Flight to Mars amusement ride was rite of passage

Flight to Mars.

If you were a kid around here between the late 1960s and mid-1990s, those three words conjure a very specific image. It's not a rocket, but a face, an alien with a fedora, eye patch and missing teeth, its bottom jaw rising and lowering, silently laughing at those foolish enough to come near.

The gargoyle hung from the facade of the Flight to Mars ride, a creaky, campy fright show that became a rite of passage for a generation at Seattle Center's Fun Forest. By the time you finally mustered the courage to buy a ticket, you probably were too old to be scared.
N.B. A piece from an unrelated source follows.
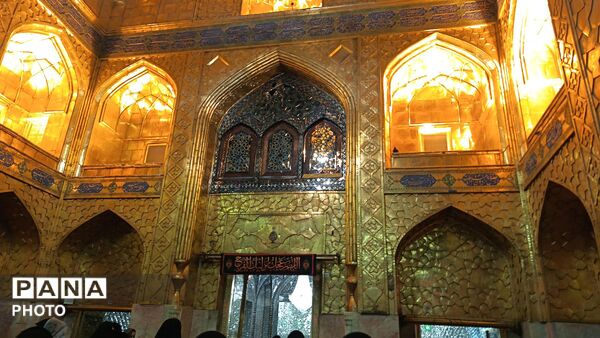 مشهد الرضا با حس و حالی متفاوت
More than a decade ago, Flight to Mars was sold and dismantled to make way for Experience Music Project, and that could have been the end to it.
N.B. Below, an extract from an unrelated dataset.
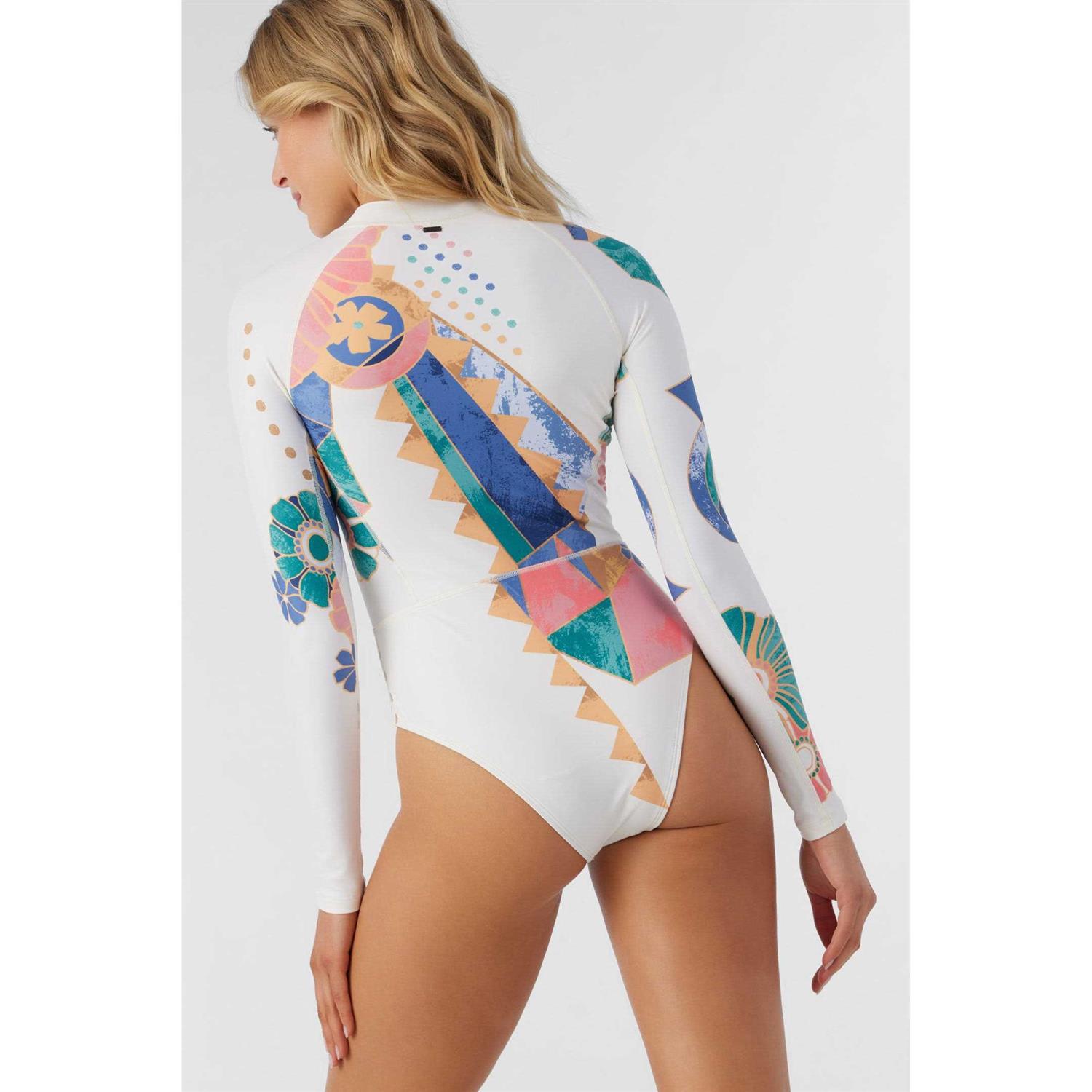 O'Neill Jadia Floral Contadora Surf Suit - Image 4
While the ride is gone, the phrase lives on. A local arts group adopted the name Flight to Mars, and for his solo band, so did Pearl Jam guitarist Mike McCready. It was a homage, McCready wrote in an e-mail, to "a more innocent time in Seattle's history."
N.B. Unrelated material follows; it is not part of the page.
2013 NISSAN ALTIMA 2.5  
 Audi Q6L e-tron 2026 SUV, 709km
These days, change is in the air around Seattle Center. A city task force recently proposed turning the Fun Forest into open space and forcing the longtime tenants to sell off the remaining roller coasters, bumper cars and kiddie rides.

With longtime Seattle landmarks disappearing almost daily, it's impossible to know what will be missed and what will simply evaporate from the collective memory.

But with every lost icon, there is a story. Same, too, with Flight to Mars.

A move to Texas

Flight to Mars was one of the original attractions of the 1962 World's Fair, when the swath of amusements near the Space Needle was called Gayway. It was a "dark ride" where passengers climbed into cars and traveled on rails through passageways, past scary figures and scenes, like a funhouse on tracks.

After the fair ended and Gayway dismantled, a concessionaire took over the area and renamed it the Fun Forest.

In the summer of 1968, Steve Robertson landed a job there taking tickets. At the time, he was dating the owner's daughter. He later married her and became vice president and general manager.

Robertson said Flight to Mars returned to the Fun Forest in 1968 or 1969 but it might not have been the same ride that was part of the World's Fair.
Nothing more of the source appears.